Dr. Kevin Anderson, a professor at the College of Veterinary Medicine at N.C. State University, said the many facets behind Agri-Science Opportunities make it a unique operation.
“There are so many components to it,” Anderson said.
Those pieces include revenue generated from selling a superior breed of cattle, their embryos and their milk. About a year ago, Agri-Science Opportunities, which employs about 16 part- and full-time employees, opened Cultured Cow Creamery and started making cheese to generate additional revenue.
Agri-Science generates some of its own electricity with windmills and solar panels and grows forage that feeds about 230 cows and heifers, which are young female cows that haven’t produced a calf.
The company also recycles its water used to wash the floors of the cattle housing and sells compost made from manure.
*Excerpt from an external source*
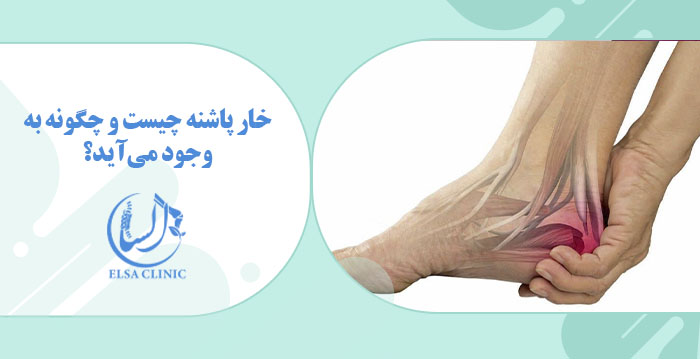 خار پاشنه چیست و چگونه به وجود می‌آید؟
Agri-Science is also exploring covering its waste-holding pond to collect methane gas and use it to heat greenhouses filled with fish and vegetables.
A facet of the company is also working through a process that would allow it to move forward with medical research on brain cancer therapy inspired by the digestion process of ruminants, animals including cows, that are able to live on plant-based food.
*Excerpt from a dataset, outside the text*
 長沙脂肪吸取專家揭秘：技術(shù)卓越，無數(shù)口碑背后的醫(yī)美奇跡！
“We hope someday that we will either have a cancer therapy, a world-class cow, or a world-class cheese, or something that brings us enough attention that will let us tell this story,” Galphin said.
With Galphin, that story often starts with a laminated National Geographic poster – a composite of satellite images of Earth at night – he has carried around for more than 15 years.
Dots of light on the images denote the areas with resources, such as the U.S. and parts of Europe. And then there are the darker areas, such as Africa and parts of Asia, where populations are growing more rapidly than in the areas with more resources.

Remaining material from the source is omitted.